WORK TASK:
The stretch from the line with "防水涂料十大品牌杜邦防水浆料批发 十大品牌防水 美国防水涂料" through the line with "网黑黑户秒下款的口子，归纳五个真正无视风控黑白的网贷" in the records below: write it out exactly, and nothing else.

EXCERPTED RECORDS:

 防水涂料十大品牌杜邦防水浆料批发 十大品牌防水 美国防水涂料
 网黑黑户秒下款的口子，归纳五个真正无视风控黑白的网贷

==

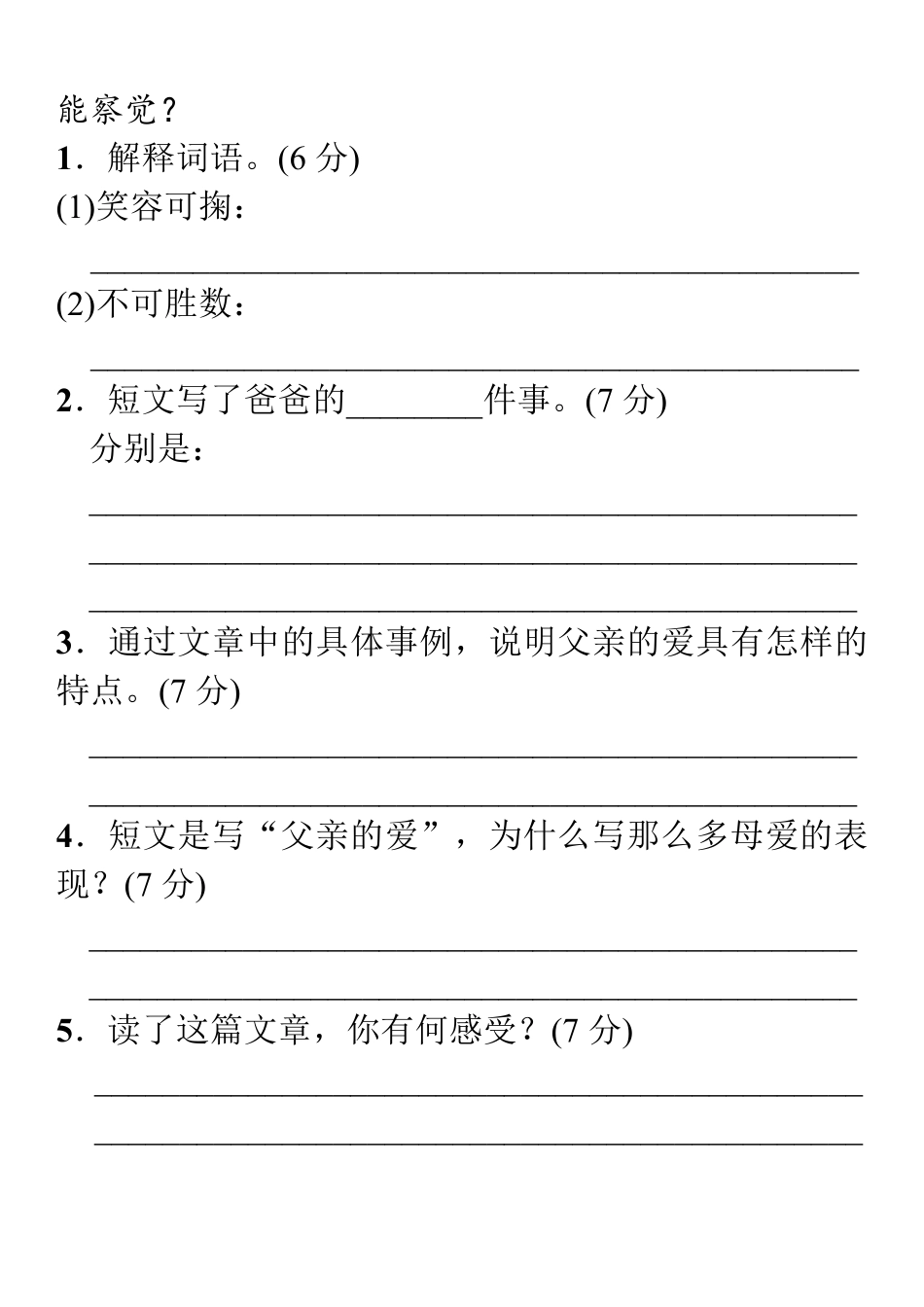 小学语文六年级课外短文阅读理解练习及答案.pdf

ANSWER TO THE EXERCISE:
 防水涂料十大品牌杜邦防水浆料批发 十大品牌防水 美国防水涂料
 网黑黑户秒下款的口子，归纳五个真正无视风控黑白的网贷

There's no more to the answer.